By Jim Rossignol on March 3rd, 2014 at 7:00 pm.
Strike Vector‘s eye-catching trailers meant that it was destined for my hard-drive. I have a long, over-documented fondness for that genre of game that straddles all types of non-simulatory flight combat, and although it’s taken me a while to catch up with Strike Vector, I’m glad I did. Back in the times of Forsaken and Descent, I would sink lifetimes into these kinds of games, and Strike Vector – a multiplayer take on the idea – feels very much like a cry from that distant and beautifully three-dimensional past.
But does that invocation of the classics lead to greatness? Here’s Wot I Think.
Looped guitar rock on the menu screens always means you’re in for a certain kind of experience, and it’s completely true for Strike Vector: it’s a punishing, fast game of deathmatch and capture-the-flag, which could have been a Quake clone if it hadn’t hung its hat on the 6DOF way of doing things. They’ve decided that gravity wasn’t going to feature, and everything hangs in the sky in exactly the way that bricks don’t.
“Aerial FPS” they call it.
This head-spinning multiple directional flight game is immediately going to put Strike Vector out of the taste-field of many gamers, and the sheer balls of it killing you on impact with any of the scenery will cause many more to make like the developers and Ragequit. (The studio is called Ragequit Corporation. That wasn’t really clear, was it?) What I am saying is that this is not the easiest game to mesh with, and even tougher to master.
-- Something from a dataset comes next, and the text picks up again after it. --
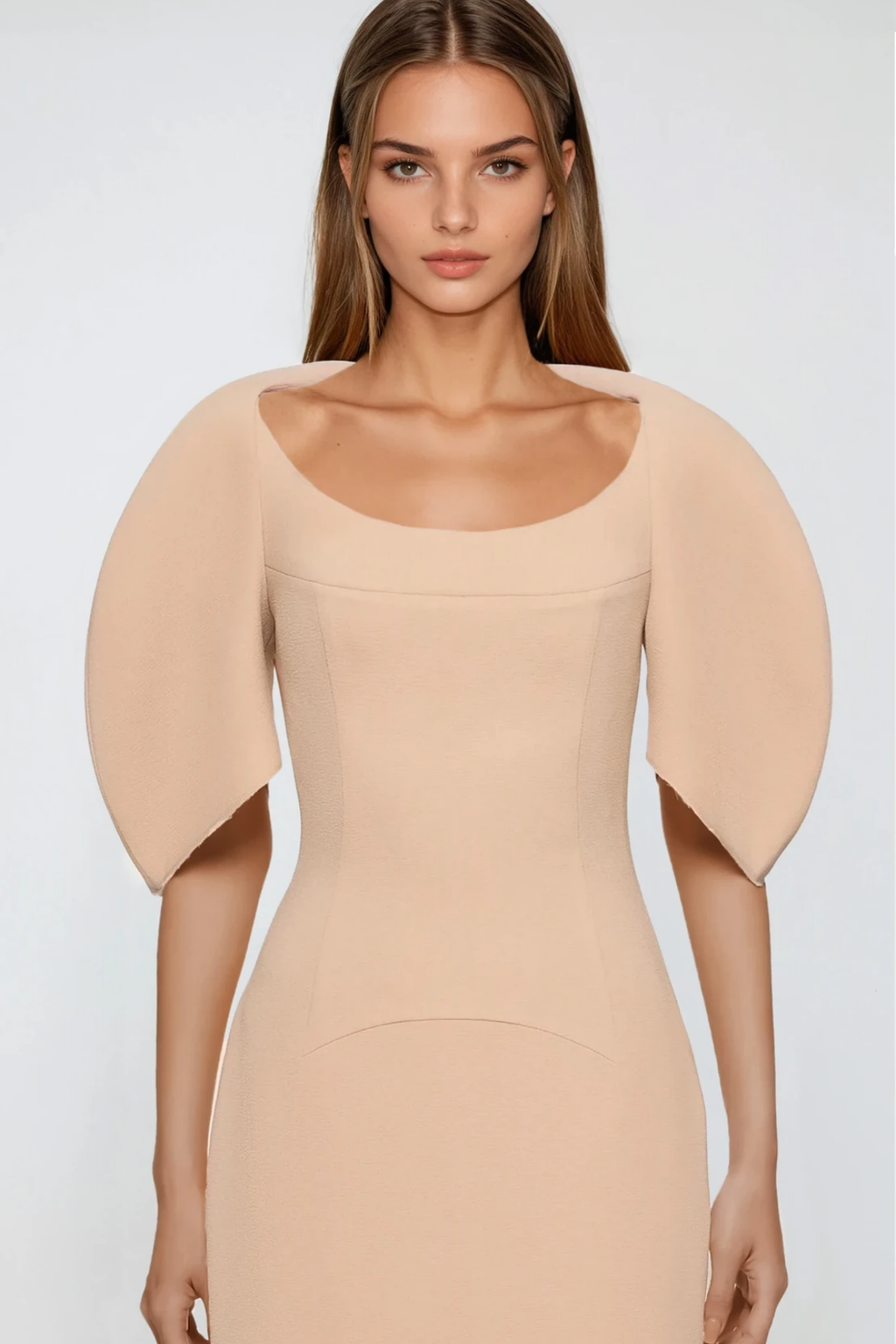 Fahd Puff Sleeve Maxi Dress In Apricot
But… well, it’s certainly enticing to me. It’s alluringly beautiful, all vast structural sci-fi architecture porn and impossible weightlessness. The sense of speed and the mad splendour of the all-directions environments certainly captures something that most games seem to miss. Even with all the art that’s hung on it, it’s pure videogame, as if the hormones produced by Defender or Robotron are still pumping through its Unreal-powered veins, giving it some primordial strength over modern, smoother productions.
Once you get past the initial spikes of difficulty, there’s a load of game to master, and I was amazed to see quite how much a tiny studio like Ragequit Corporation had managed to cram in. Nor is that flow of content letting up, it seems, because new DLC is appearing all the time, and it’s free.
The vector customisation screen is a particular delight. You get to choose between left and right weapons, for which there are eight reasonably varied options. So you could go with a couple of gatling guns, or a homing missile launcher and a plasma cannon, and so forth. There’s a lot to play with in terms of working out how you to put down damage, and ultimately how you want to specialise. Speaking of which, there’s also a specialisation choice, which skews your stats in a certain direction, and a special power type additional unit, giving you AoE effects, cloaks and so forth. As I said, they’ve made a lot of game here.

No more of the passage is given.